So back to Rurre… And it seemed like a city after the quiet of the jungle. We’d gotten pretty used to the lifestyle out there. I had really enjoyed falling asleep exhausted every night under a mosquito net to the sound of insects. Waking with the sun. Rurrenabaque was a chaos of careening motorbikes and dust and noise- noise of shop radios, noise of drunken bars and truck horns.
We found a cheap hotel, only $4 each a night and I settled straight in with the laptop. In terms of crafting the final record I had so far been cleaning up and editing the recordings. One skill that I gained from this experience was learning how to use noise reduction filters etc. Quite a good skill to have I reckon- got to the stage where I can now isolate a single insect or bird out of a soundfield full of river noise and wind and lots of other insects etc. I was pleased with that. Obviously this wouldn’t normally be my style- I’m a big fan of extraneous noise- but I thought for this project I should try and be as hi-fi and clear as possible.
So now I set about trying to work the recordings I’d selected into some sort of cohesive and interesting flow. I wanted it to have a sense of narrative, to capture over 35 mins what its like to visit the San Miguel del Bala world. I also wanted it to work as an interesting and engaging composition. There was one track in particular that I made especially for myself however- myself and other noise/drone fans.
At dusk the place would come alive with cicada and cricket sounds. These resonated at such a frequency that they produced virtual sine waves that sounded as much like microphonic feedback as anything. So I made one piece using all my isolated insects and various effects to create the dusk from hell. A huge immersive wall of menacing noise that x-fades into the real thing- a straight field recording of dusk insects. This is the piece that took the longest, days of work, and also the one that I suspect that the actual local folk like the least, but for me it represents the sheer spine tingling bliss that these dusk sounds induced in me.
The other tracks are filmic. A journey up the river, a trip to the village, a day and night in the jungle. These are interspersed with flute and drum pieces played by the locals, and one played by me.
I had been working 9-10 hour days in our hotel for 5 or 6 days- Sara going slowly mad with boredom, and both us broiling in the muggy tropical heat (and getting virtually no sleep due to a spectacularly noisy nightclub – named ¨Bananas¨(!) – over the road), when I got a visit from the manager of the San Miguel office and project. He wanted the laptop back. Yikes! I hadn’t been told it was his personal laptop. I knew I still had at least a few days work left and so we eventually negotiated a situation whereby I would work in the office from then on. To be honest this probably meant I got less done each day (what with the various distractions there (answering phone calls and emails when English was needed etc) but at least they got some idea of the amount of work I was actually putting in, the amount of time something like this takes.

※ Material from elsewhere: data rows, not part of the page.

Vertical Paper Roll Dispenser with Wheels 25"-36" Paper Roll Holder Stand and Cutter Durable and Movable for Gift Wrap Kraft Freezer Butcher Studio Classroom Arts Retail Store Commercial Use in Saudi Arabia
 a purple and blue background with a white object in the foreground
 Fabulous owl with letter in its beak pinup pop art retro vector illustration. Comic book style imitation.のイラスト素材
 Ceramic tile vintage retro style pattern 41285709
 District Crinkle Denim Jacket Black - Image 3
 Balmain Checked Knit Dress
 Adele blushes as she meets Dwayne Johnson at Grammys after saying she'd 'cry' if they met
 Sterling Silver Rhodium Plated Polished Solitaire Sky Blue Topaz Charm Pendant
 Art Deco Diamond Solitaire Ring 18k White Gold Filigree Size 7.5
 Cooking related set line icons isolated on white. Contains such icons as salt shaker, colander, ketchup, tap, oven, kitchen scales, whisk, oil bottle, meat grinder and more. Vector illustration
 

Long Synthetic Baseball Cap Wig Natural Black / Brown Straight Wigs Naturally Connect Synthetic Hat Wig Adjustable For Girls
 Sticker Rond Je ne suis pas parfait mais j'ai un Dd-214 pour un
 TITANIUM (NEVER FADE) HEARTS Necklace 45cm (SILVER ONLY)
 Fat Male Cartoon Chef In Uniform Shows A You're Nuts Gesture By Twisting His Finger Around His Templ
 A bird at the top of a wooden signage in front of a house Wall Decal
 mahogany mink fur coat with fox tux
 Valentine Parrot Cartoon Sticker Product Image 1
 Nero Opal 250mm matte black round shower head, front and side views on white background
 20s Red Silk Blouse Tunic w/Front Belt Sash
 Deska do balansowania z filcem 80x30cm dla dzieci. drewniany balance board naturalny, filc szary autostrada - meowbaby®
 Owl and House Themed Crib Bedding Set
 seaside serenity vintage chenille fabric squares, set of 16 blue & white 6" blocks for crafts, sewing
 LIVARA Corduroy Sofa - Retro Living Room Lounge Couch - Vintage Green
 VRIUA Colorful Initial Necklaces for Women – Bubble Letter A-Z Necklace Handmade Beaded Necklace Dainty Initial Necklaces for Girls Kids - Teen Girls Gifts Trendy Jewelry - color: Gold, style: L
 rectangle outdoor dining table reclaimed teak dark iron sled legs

Sara came down each day and did some English tutoring for one of the guides. She was pleased to have something to do. Rurre’ isn’t a big town and there’s not a hell of a lot to do there.
Eric had suggested another project to follow on from this one, a project that I was even more excited about but I think it was just as well for Sara that it fell through. Erics grandfather is an 80 year old shaman who lives 6 hours from Rurre by motorbike. Eric was keen that we go up to visit him and another shaman to record their traditional music. This music is an integral part of their magical tradition and each shaman specialises in a particular magical instrument. For Erics grandfather this is bone flutes that he has made from various animals. The other shaman utilises ‘violins’ that he makes from sacred animal parts and wood. Eric was keen to do this as he has already written a short book covering the history of these traditions and saw this as an opportunity to get at least some of it published, albeit in the form of liner notes. I was very excited by the idea as well, even by the part of simply riding a motorbike 6 hours into the jungle, but the project fell through when his grandfather decided that it would be inappropriate for their traditions to be recorded, let alone inscribed onto CDs to be distributed around the world. Can’t really complain about his reasoning- for them the magic they work with is entirely of and about the place where it occurs- but it is sad somehow that this music/tradition will disappear from history without leaving a tangible trace, and probably very soon.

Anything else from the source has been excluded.